Started doing jumping jacks.
Got her to join in.
The laughing might have been more exercise than the jacks.
Until a sojourning pill-bug became more fascinating.
And my eyes shut with stinging sweat.
So,
is it bad karma to have splattered a fly with a borrowed library book?
It's only that I was sitting on the deck, enjoying the relative warmth of the afternoon sun after a morning thunderstorm, with another Detective John Rebus book, "Strip Jack" by Ian Rankin.
The flies were thick, having just awoken from the frozen season of Hoth here, and more voracious of appetite than the bears.
One, having annoyed me repeatedly, worrying with my hair, legs, and finally mouth, had settled on the edge of our bistro table.
It had bothered me so often that I could actually tell it apart from the others.
My nemesis.
Eldest daughter played, unawares, on the slide.
Having alighted mere inches from the hardback book I held in my right hand, its pages guarded from flipping by the wind by the glass of chardonnay in my left, I, without thinking, upon instinct, blasted the little bastard with a cudgel-like blow.
After a split-second, okay, maybe longer of satisfied glee, "me big warrior, kill annoying shithead" euphoria, I noticed the detritus the thing had left on the back cover.
Ewwww.
I think I'll use the drive-through drop-off slot for this title.
The Vortex strikes again.
A foster-adopted-step cousin of mine is separating from her husband and moving back there.
Oh, the foster-adopted-step-cousin thing?
Yeah, I have a nightmarish M.C. Escher family tree.
Anyway, another one pulled back.
She'd been out of the place we shall not mention for better than 14 years.
I'm telling you, and myself, you have to watch these things; forever.
And they'd just adopted a two year old girl from China, as in 4 months ago.
Will China even let you keep an adopted child if you get separated/divorced?
Similarly, what were they thinking adopting a child if things were choppy?
Or was it the added stress of the kid thing that widened/exploited an existing crack?
Ain't nothing in this world for sure.
Excepting for how good hot dogs taste when slightly burned/blacked around the outer skin/casing.
Today was warm enough to open up the windows for ventilation and cook like a caveman all flame and noir style; i.e. blackened.
Smoke detector be damned, mmmwa-hahahaha.
Fire, meat (assorted beef pieces in a tube-shape), good.
I even read a book on the deck wearing only shorts and got the first official minor sunburn of the season.
Sweet.
On the first sunny day over 60 degrees F this year.
...to do what I want, any old time."
The weather has been gray, cold, windy, wet, and generally miserable.
I'm totally digging it this year.
It's been something I've just suffered through our first three years here.

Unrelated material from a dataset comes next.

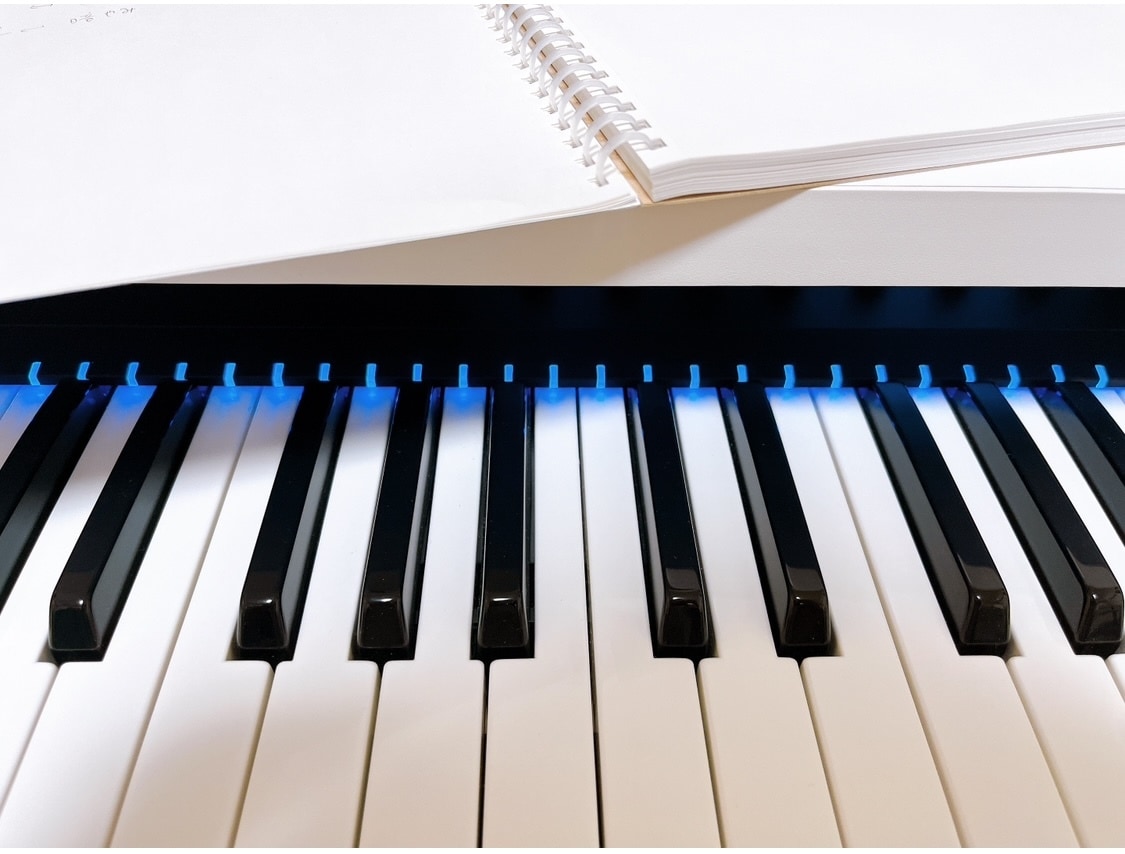 オリジナルソング作曲します あなたのオリジナルソングを一緒に作らせてください イメージ1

Didn't used to be that way though and I'm getting back to that.
I grew up in one of the hotter corners of the desert... and embraced it.
It was a test of wills for me.
Any given 128 degree day, you could find me on one city park volleyball court or another, coaxing friends out from under shade-trees and into the dangerous direct sunlight for endless games until the sun relinquished and retreated beyond the horizon.
I went away to college in the coldest part of the state, with the highest altitude, over 7000 feet.
Again, I embraced the elements and any given blizzard would find me coaxing friends from out of the warm apartment, dorm, or bar to get out in the snow and go sledding or snowball fight, or just tramp through the stuff to get more liquor from the store when the roads were impassable.
After college, I got married and the wife and I moved to Seattle. One of the consistently wetter larger cities.
While there for 4 1/2 years, we put a grand total of less than a thousand miles on our truck. We took mass transit buses, alot, walking to and standing at exposed bus-stops. We walked or took the bus everywhere, regardless of light or heavy rain (the Seattle-based equivalent of "rain or shine".) She played in an outdoor soccer league. We were always out somewhere, and the elements didn't bother us. It only snowed a significant amount twice in the city while we were there, and both times caught us out walking around and we trudged through it. We coaxed our friends to come out with us and ignore the precipitation.
Seems I might finally be getting back to that here.
I will dictate my life to the weather; not the other way around.